WORK TO BE COMPLETED: From the records below, state how many lines include the word "Apartment", giving only that number.
┄┄┄┄┄┄
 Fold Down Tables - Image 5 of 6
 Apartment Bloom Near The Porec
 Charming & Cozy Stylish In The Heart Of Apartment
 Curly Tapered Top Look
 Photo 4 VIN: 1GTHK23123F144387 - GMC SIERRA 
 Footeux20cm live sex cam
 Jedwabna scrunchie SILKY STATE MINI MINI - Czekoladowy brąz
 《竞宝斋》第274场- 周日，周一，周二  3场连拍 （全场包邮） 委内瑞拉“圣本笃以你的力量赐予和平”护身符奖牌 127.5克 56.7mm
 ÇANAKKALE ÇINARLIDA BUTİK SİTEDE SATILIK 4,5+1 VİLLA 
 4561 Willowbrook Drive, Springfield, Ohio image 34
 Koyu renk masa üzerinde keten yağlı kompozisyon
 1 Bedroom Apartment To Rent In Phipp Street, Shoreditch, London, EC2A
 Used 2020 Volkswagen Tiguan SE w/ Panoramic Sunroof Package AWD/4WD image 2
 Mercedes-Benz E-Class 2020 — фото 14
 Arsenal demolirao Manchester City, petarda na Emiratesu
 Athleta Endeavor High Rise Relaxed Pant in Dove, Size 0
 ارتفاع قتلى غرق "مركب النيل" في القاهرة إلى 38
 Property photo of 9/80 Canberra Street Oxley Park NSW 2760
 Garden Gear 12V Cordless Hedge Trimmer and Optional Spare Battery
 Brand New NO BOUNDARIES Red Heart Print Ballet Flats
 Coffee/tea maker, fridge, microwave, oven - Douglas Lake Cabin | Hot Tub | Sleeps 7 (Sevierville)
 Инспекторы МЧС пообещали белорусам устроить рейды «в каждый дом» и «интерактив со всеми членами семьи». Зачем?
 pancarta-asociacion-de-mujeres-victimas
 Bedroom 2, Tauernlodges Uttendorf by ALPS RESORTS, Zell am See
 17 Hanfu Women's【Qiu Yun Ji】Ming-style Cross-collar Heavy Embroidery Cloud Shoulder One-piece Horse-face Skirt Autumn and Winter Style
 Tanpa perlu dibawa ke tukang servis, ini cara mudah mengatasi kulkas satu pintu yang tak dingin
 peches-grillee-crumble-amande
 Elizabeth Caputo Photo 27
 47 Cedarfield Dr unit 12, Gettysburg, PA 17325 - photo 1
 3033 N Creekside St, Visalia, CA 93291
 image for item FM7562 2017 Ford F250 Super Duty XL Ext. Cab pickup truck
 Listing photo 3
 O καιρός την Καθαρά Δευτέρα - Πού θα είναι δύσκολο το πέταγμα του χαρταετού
┄┄┄┄┄┄
OUTPUT BELOW: 3